Formula 1's 2017 changes just 'window dressing' - Red Bull's Horner

Red Bull team principal Christian Horner believes Formula 1 is in need of a bigger shake-up than the 'window dressing' changes for 2017

Formula 1's 2017 changes just 'window dressing' - Red Bull's Horner

While F1 is braced for radical new cars this year amid efforts to make them faster and more spectacular, Horner believes more sweeping changes are needed.

"At the moment we're doing a bit of window dressing," Horner told Autosport late last year.

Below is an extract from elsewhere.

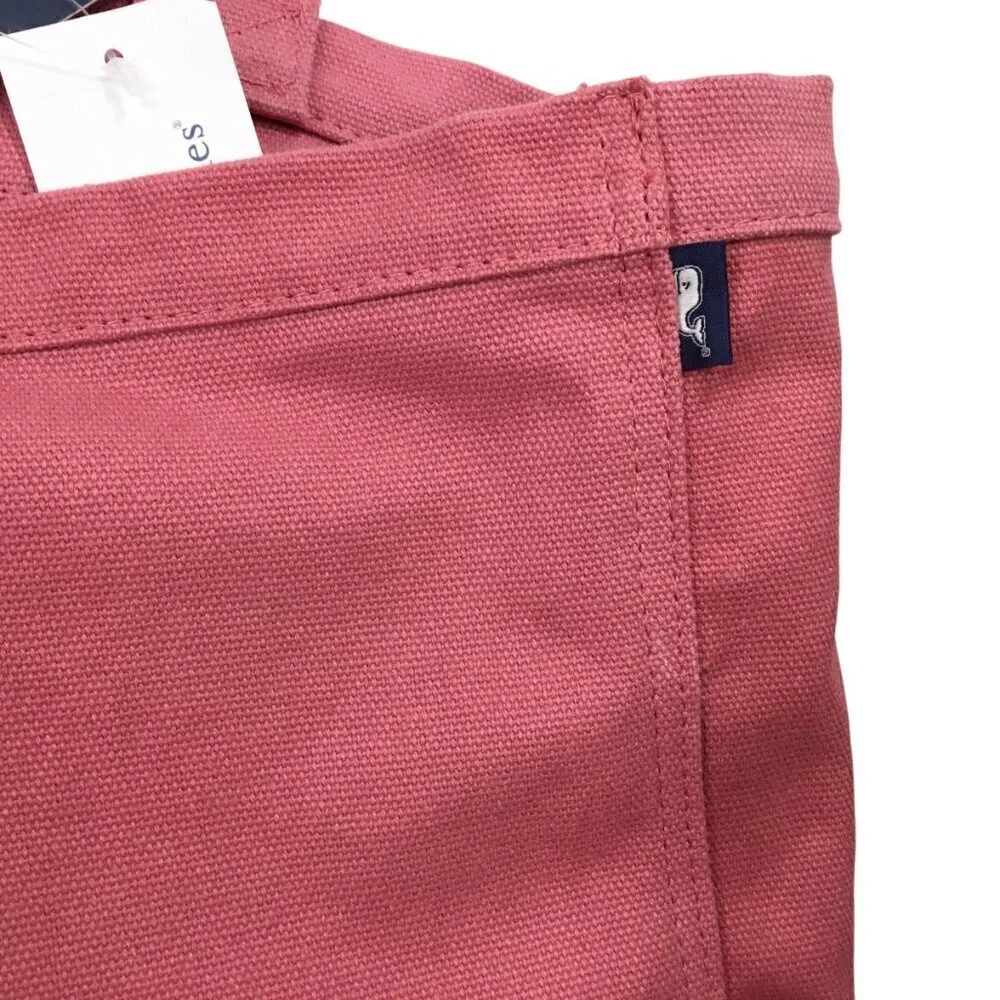 Vineyard Vines NWT Marlin Wave Graphic Canvas Tote Bag Pink #EDSFTG Open Top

"I'm still hugely in favour of going back to a power unit that generates noise and emotion, to turn the volume back up.

"It's part of the DNA of Formula 1.

"In Japan [last year] where Honda fired up their Ayrton Senna V10 McLaren - when it drove past, every member in the garage came to the front to see it go down the pit straight.

"Formula 1 misses that, and it's something that crucially needs to be addressed for the longer-term future.

"The technology in these [V6 hybrid] engines is wonderful, it's mind-blowingly clever - but the average man or lady in the grandstand, or viewer, they have no idea what's going on.

"We should go back to trying to make Formula 1 absolute entertainment - and part of that entertainment being the engine."

The current turbo V6 hybrid engines are set for use until 2020, with meetings set to take place soon to discuss whether F1 will continue with them or switch to something different beyond that.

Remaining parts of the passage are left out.